**Work item**
As soon as the line containing "Smartphone Xiaomi Poco" appears, start repeating lines exactly and continue to the end of the entries; please skip pictures.

**Task material**
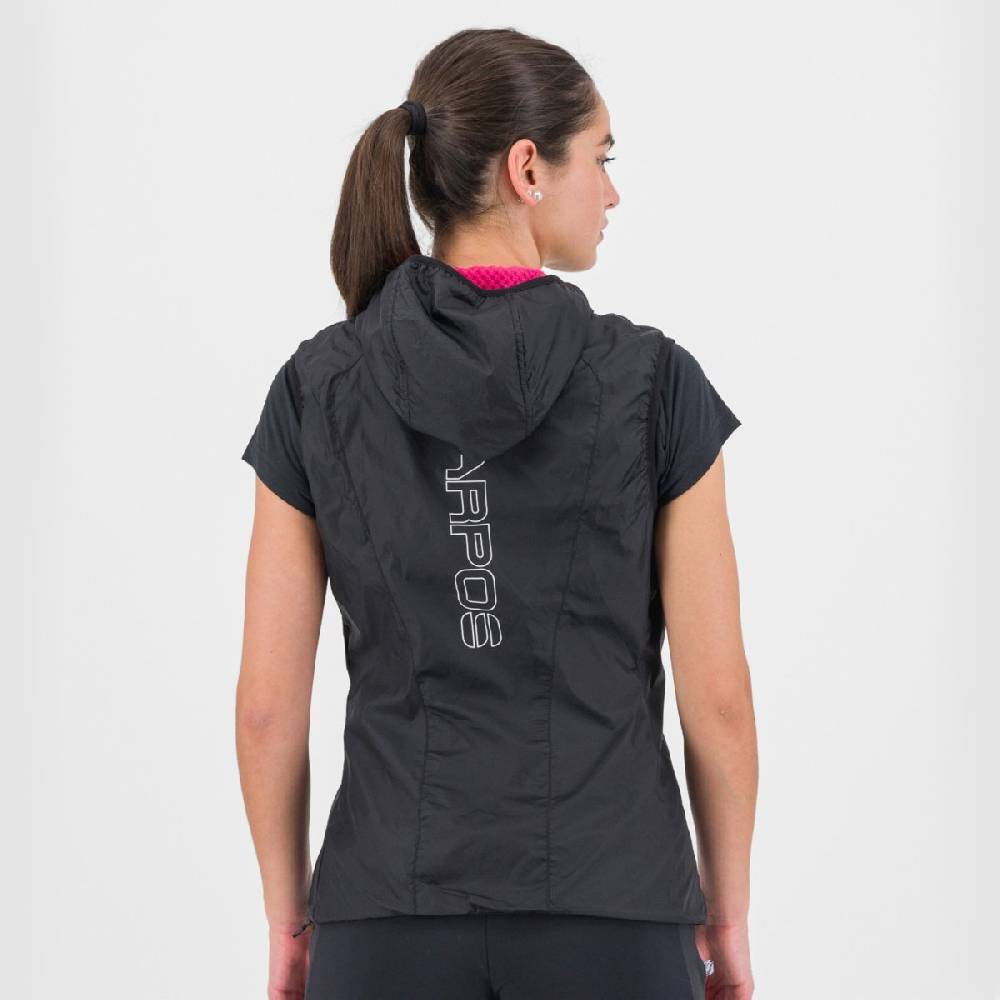 Karpos K-PERFORMANCE HYBRID W VEST Saldi Di Fabbrica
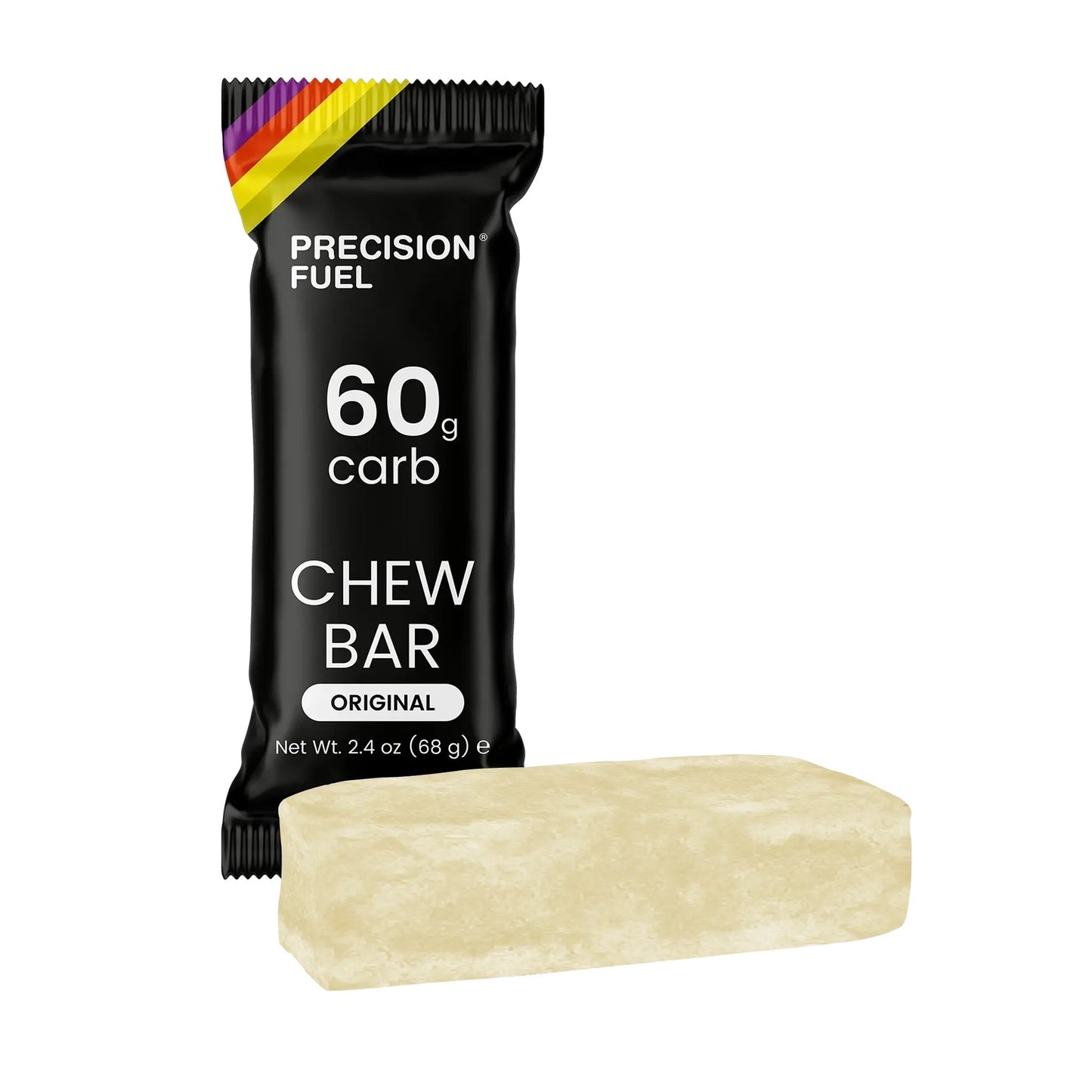 Precision Fuel PF 60 Energy Chew Bar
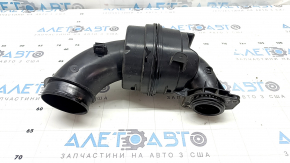 Воздуховод от фильтра Volvo XC60 18-26 T5 второй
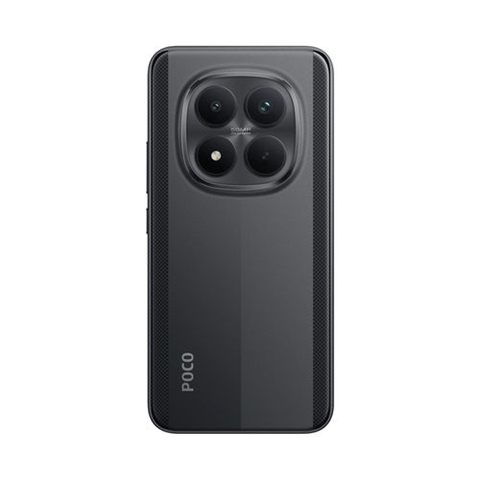 Smartphone Xiaomi Poco M8 Pro 12 GB/ 512 GB/ 6.83"/ 5G/ Negro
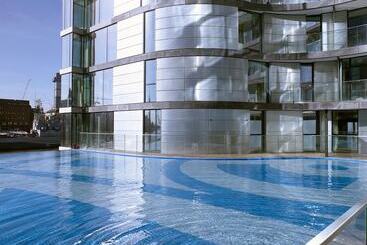 شقة Cheval Three Quays At The Tower Of London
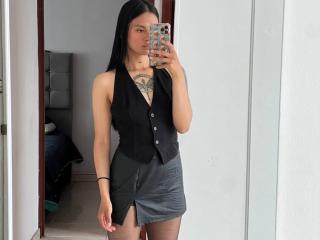 NiaWhitee Pussy Video Webcam - Photo 12/21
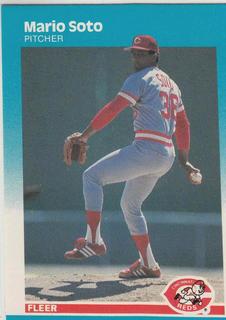 Mario Soto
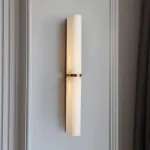 Настенный светильник LOVOND SLIM D P2 от ImperiumLoft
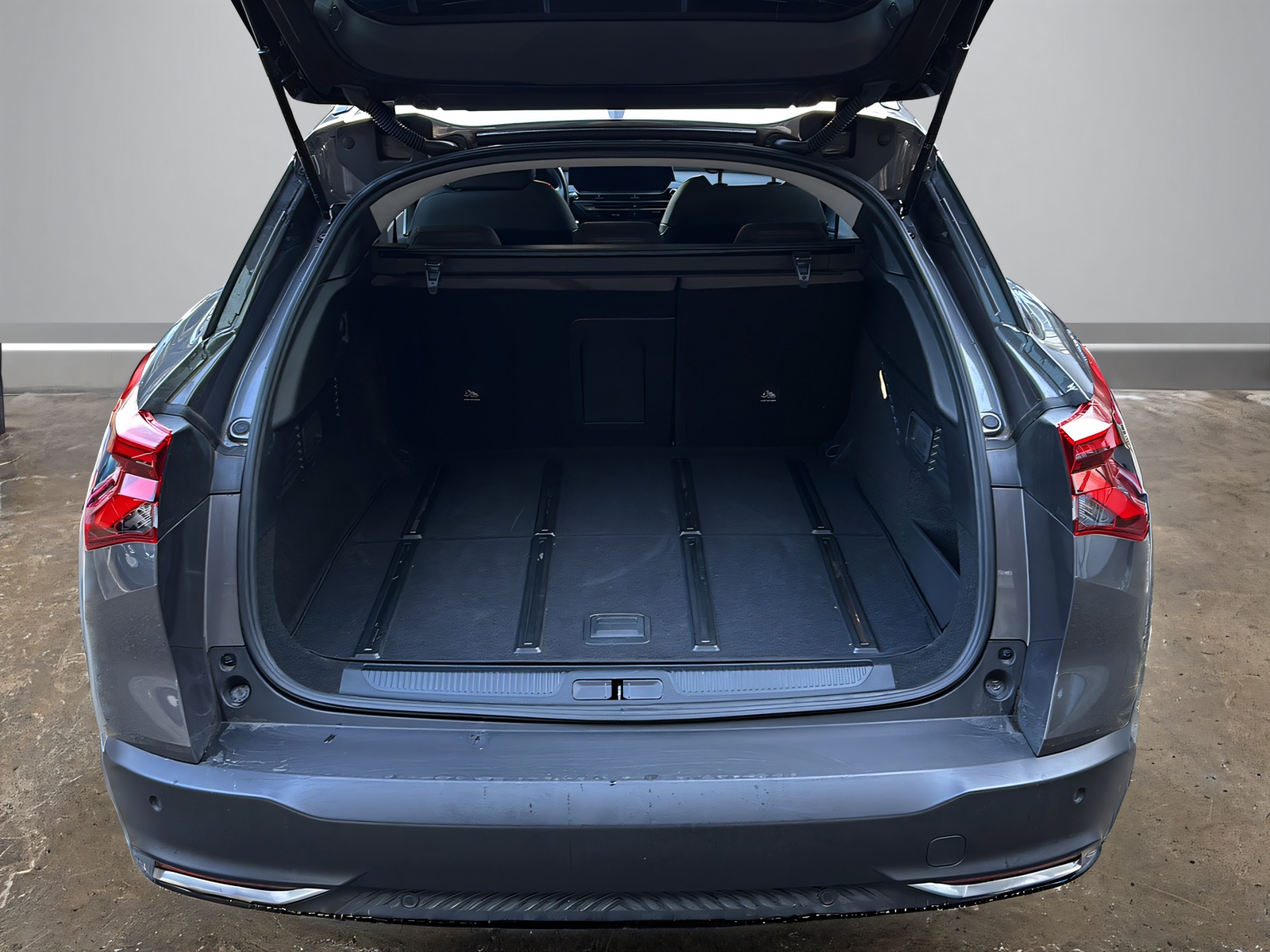 CITROEN C5 X 1.6 Plug-in Hybrid Shine-image-6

**The answer**
 Smartphone Xiaomi Poco M8 Pro 12 GB/ 512 GB/ 6.83"/ 5G/ Negro
 شقة Cheval Three Quays At The Tower Of London
 NiaWhitee Pussy Video Webcam - Photo 12/21
 Mario Soto
 Настенный светильник LOVOND SLIM D P2 от ImperiumLoft
 CITROEN C5 X 1.6 Plug-in Hybrid Shine-image-6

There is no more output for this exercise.